Openness to “A Desire of New Things” Rerum Novarum

 



During the second fifth centuries, the key words applied to Church were “service” (diakonia or ministerium) and “communion” (koinōnia). The term “Church” denoted a participatory community of all baptized. In that reframe of reference, Cyprian, as bishop of Carthage, claimed that he made no major decisions without consulting his elders and deacons, or without the approval of his people (Epistles 14.4, 34.4, and 38:1; cf 32). The entire community likewise participated in the election of a new bishop, who then exercised episcopal authority in a dialogue with the entire community. The “vicar of Peter” in Rome functioned within a “communion of bishops, “for which his Church and his “persona” served as a center of unity. During the middle ages, the structural elements found in the Church of the second to the fifth centuries were preserved, but rearranged (as the studies of Copernicus and Galileo later rearranged the earth): pope, bishops, and baptized were placed into new relationships, organized vertically from above to below. 

Among the factors contributing to the shift were the monarchical worldview of that era and the emerging papal claim, articulated amid the struggle over lay investiture, that priesthood or sacerdotum was the source, not only of spiritual power over the Church, but of the temporal rule or regnum exercised by emperors and kings. As a result of the debate about who wielded ultimate authority over “Christian society” or Christendom, the new “shared model” or “paradigm” of the Church was focused on a “mystique of authority.” As Congar has noted, the new key words were “power, jurisdiction, rule, and Vicar of Christ.” (Yves Congar, “The Historical Development of Authority in the Church: Points for Christian Reflection” in Problems of Authority, 1962:137).  In the period after the Council of Trent, even the term “Church” began to be equated with its leaders. Again to cite Congar, the key words became “the Hierarchy” and “the Magisterium.” The very meaning of the terms “laity” and “apostolic” would be transformed by the way both were subordinated to the power and authority of “the Hierarchy.”Although foreshadowed by certain earlier developments, the paradigm or “shared model” that positioned the pope at the top of the pyramid of authority and jurisdiction, for ruling and teaching, had begun to take shape after 600.
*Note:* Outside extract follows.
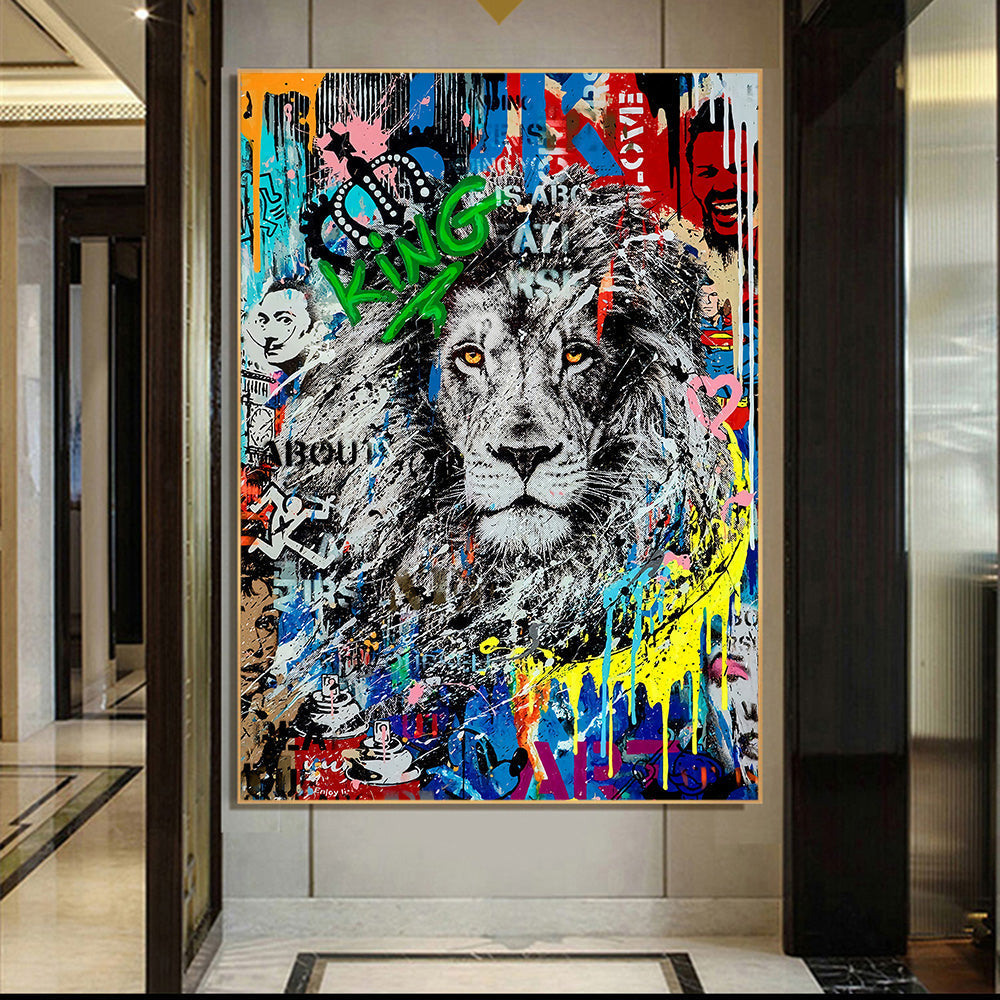 Street Art Lion Wall Art Canvas Print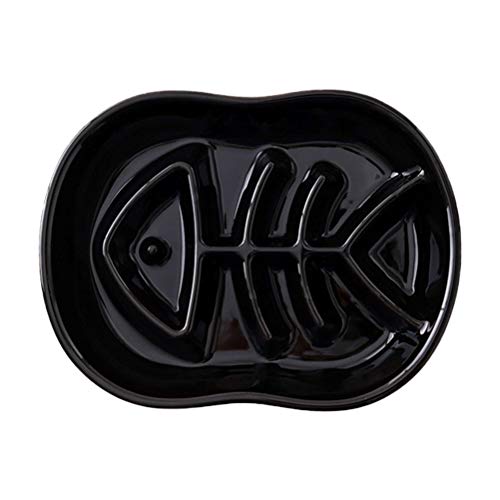 TEHAUX Tigela lenta para alimentação de gatos Tigela de cerâmica para evitar asfixia de animais de e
Avery Dulles has described the net result in terms of a “military analogy of the Church”: “It is almost a platitude to assert that the Catholic Church from the Middle Ages until Vatican II was pyramidal in structure. Truth and holiness were conceived as emanating from the pope as commander-in-chief at the top, and the bishops were depicted as subordinate officers carrying out the orders of the pope. (The Reshaping of Catholicism: Current Changes in the Theology of the Church, Chicago 1988: 24-25) The observation made by Cardinal Newman, where the pope as indistinct a power as he was in the first centuries, and the bishops as practically independent, the Church would still be the Church” raised the question whether the developments of the second millennium are absolutely essential to the Church. (John Henry Cardinal Newman, Essays, Critical and Historical, Vol.2 (London: Longmans: 1891:44)

Vatican I was convened by the pope beleaguered by the spirit of sweeping revolutionary challenges; its conciliar positions were undoubtedly conditioned by that historical context. Yet in the wake of the council there would be hints of change or a new mood in the air. In 1864, Pius IX’s encyclical Quanta cura and its appendix, Syllabus of the Principal Errors of Our Time, had censured “modern errors” and thus appeared to be predominantly restrictive. By contrast, the encyclicals of Pius IX’s successor, Pope Leo XIII, proved a more positive teaching about the relations of church and state, and about the freedom of citizens. (Immortale Dei (1885) and Libertas praestantissimum bonum (1888) Leo also revived the image of the Church as the Mystical Body of Christ of which the Spirit is the soul.

Pope Gregory XVI’s condemnation of the liberalism in 1832 had responded to the reactionary wishes of the majority of the ruling classes; Leo XIII’s encyclical letter Rerum novarum, issued in 1891, responded to the needs of workers in the newly industrialized society. Acknowledging that a thirst for innovation, “a desire of new things (rerum novarum),”was sweeping through the world, Leo’s encyclical marked a move beyond the ancient regime that had simply presumed that the power was wielded by an upper class. The encyclical recognized that ordinary workers had rights and could organize themselves into associations to protect their rights in the face of those with power and wealth. The ability to claim such rights would be strengthened by the emergence of compulsory, public elementary education and the subsequent spread of literacy during the nineteenth century.

The idea that the Church itself should respond to “signs of the times” would be put forth by Pope John XXIII, soon after his election as Bishop of Rome in 1958. Besides advancing the discussion about the role of the bishops in the Church, the Second Vatican Council, which he convened, would also give rise to a new set of expectations and understanding about the role of baptized persons in the Church. “A desire of the new things” would emerge within the Church itself, among ordinary people who rediscovered that the Church is a “we” or a community of disciples, and not just a “they” or a hierarchy. Another paradigm shift would begin. The relationship among various roles within the Church would again begin to be rethought.